__Task directions__
Drop all pictures and repeat exactly the lines from the line holding "Connector/Terminal/Pin - Radwell" through the end of the records.

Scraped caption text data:
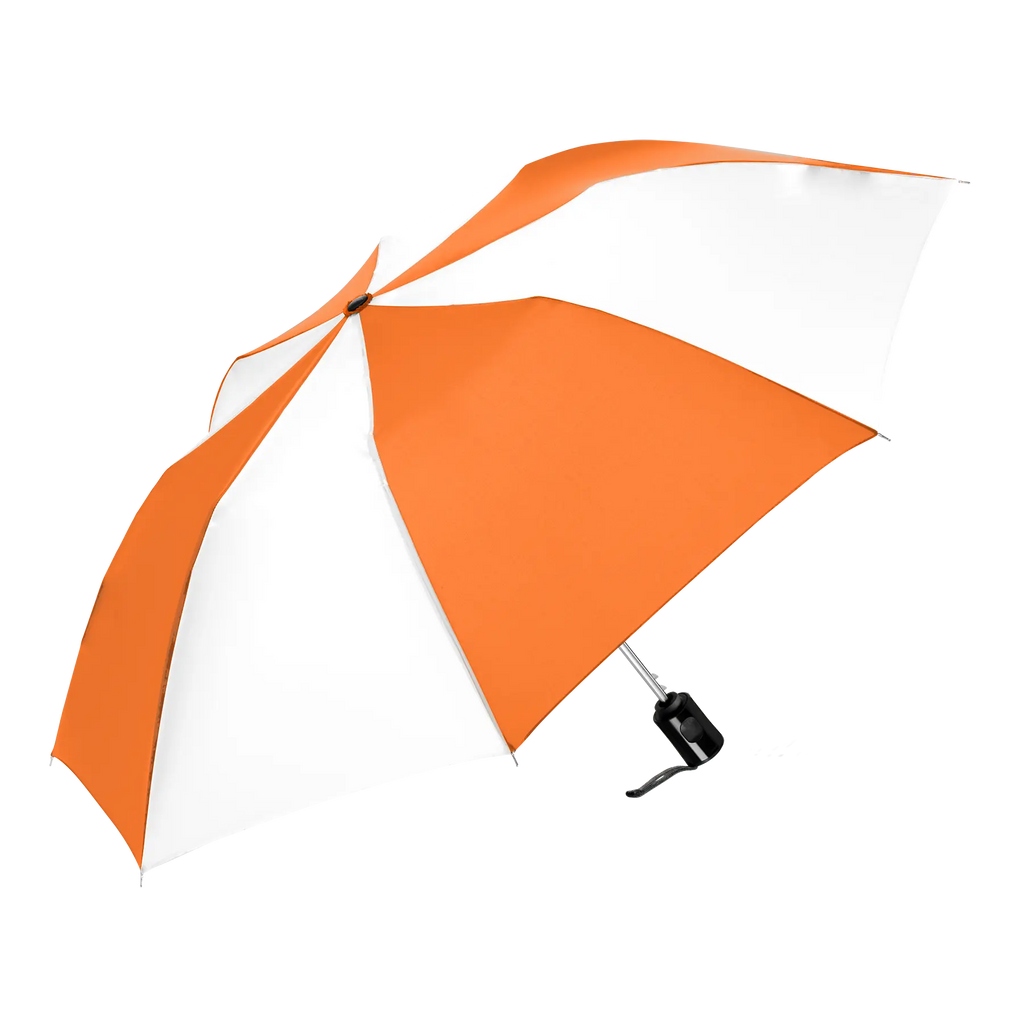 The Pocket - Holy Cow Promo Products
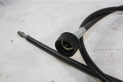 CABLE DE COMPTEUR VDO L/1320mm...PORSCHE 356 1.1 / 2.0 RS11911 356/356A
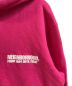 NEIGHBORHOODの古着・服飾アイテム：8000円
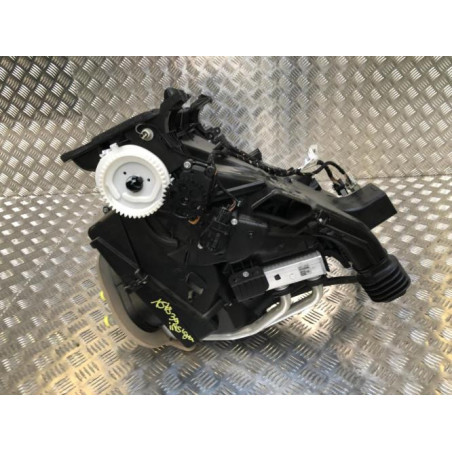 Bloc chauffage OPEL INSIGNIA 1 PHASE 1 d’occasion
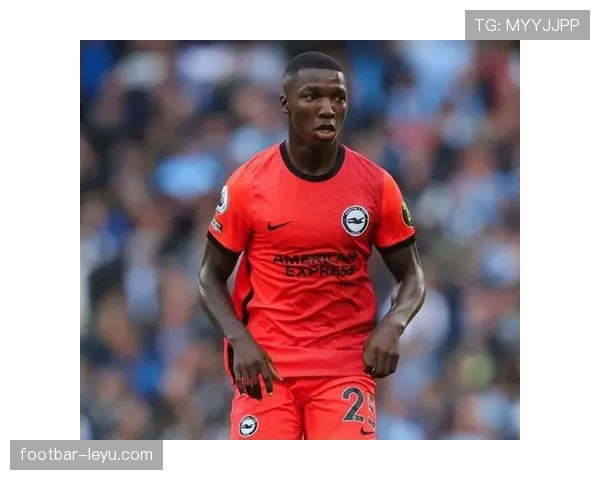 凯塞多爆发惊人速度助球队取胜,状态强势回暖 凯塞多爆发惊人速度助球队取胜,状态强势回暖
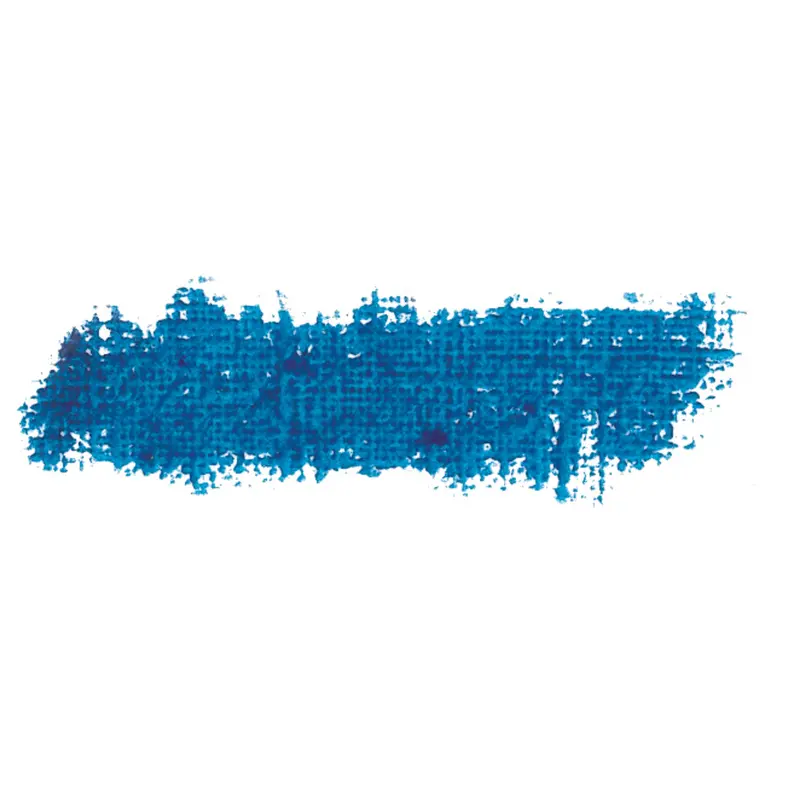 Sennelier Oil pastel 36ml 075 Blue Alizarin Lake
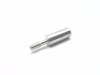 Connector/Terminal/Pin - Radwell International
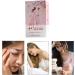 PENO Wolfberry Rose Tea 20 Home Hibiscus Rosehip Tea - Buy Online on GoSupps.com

__Task solution__
 Connector/Terminal/Pin - Radwell International
 PENO Wolfberry Rose Tea 20 Home Hibiscus Rosehip Tea - Buy Online on GoSupps.com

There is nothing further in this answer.